Sharon tra un bombardamento e un altro inizia a dar pratica alle leggi sul ritiro da Gaza e sul ritorno dei coloni. I coloni si sentono traditi, per loro occupare quelle terre ha un valore divino, direi escatologico: reimpossessarsi della terra promessa. Come fai a dir loro: ci siamo sbagliati, dovete tornare, vi reimborsiamo? Non è una semplice questione di soldi. E intanto si bombarda, per non scontentare la base di destra.

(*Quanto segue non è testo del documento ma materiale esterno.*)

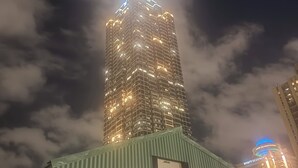 A high-rise building with multiple illuminated windows and a visible 'HYATT REGENCY' sign. - City-Chic at Centennial Hill downtown (Atlanta)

Ma non si creda: qui non c'è alcuna intenzione di venire a patti qui si decide tutto unilateralmente, Israele dice: io tolgo un po' del mio, vi lascio più liberi ma vi tengo sotto controllo, e scordatevi il vostro stato. In ogni caso l'esercito israeliano vigilerà sui nuovi indiani...
sogniesintomi
00giovedì 28 ottobre 2004 23:57
ARAFAT
ce la farà? Rischiava di morire lì dove vive rinchiuso da due anni, perchè ha paura che andando all'estero il democratico stato di israele che lo tiene segregato dal mondo poi gli impedisca di tornare. Ma i medici glielo hanno imposto. Pressioni su Israele da parte dell'Egitto e un portavoce di Sharon dice: potrà tornare. Staremo a vedere. Io dubito. Si accettano scommesse.
Libertario
00venerdì 29 ottobre 2004 20:05
domande
premetto che non ho seguito questa discussione ma a prima vista pare che gli ebrei fatti a pezzi dai kamikaze sugli autobus non interessano, cmq:

Arafat esce di scena (forse per sempre, chissà..) e magari il suo posto viene preso da Abù Alà o da Abu Mazen, Sharon decide che è ora di abbandonare le colonie, il terrorismo diminuisce (grazie alla Barriera difensiva che, vergognosamente, entra in territorio palestinese o agli assassini mirati dei capi di Hamas?).

Che il processo di pace in Medioriente possa riprendere nei prossimi mesi?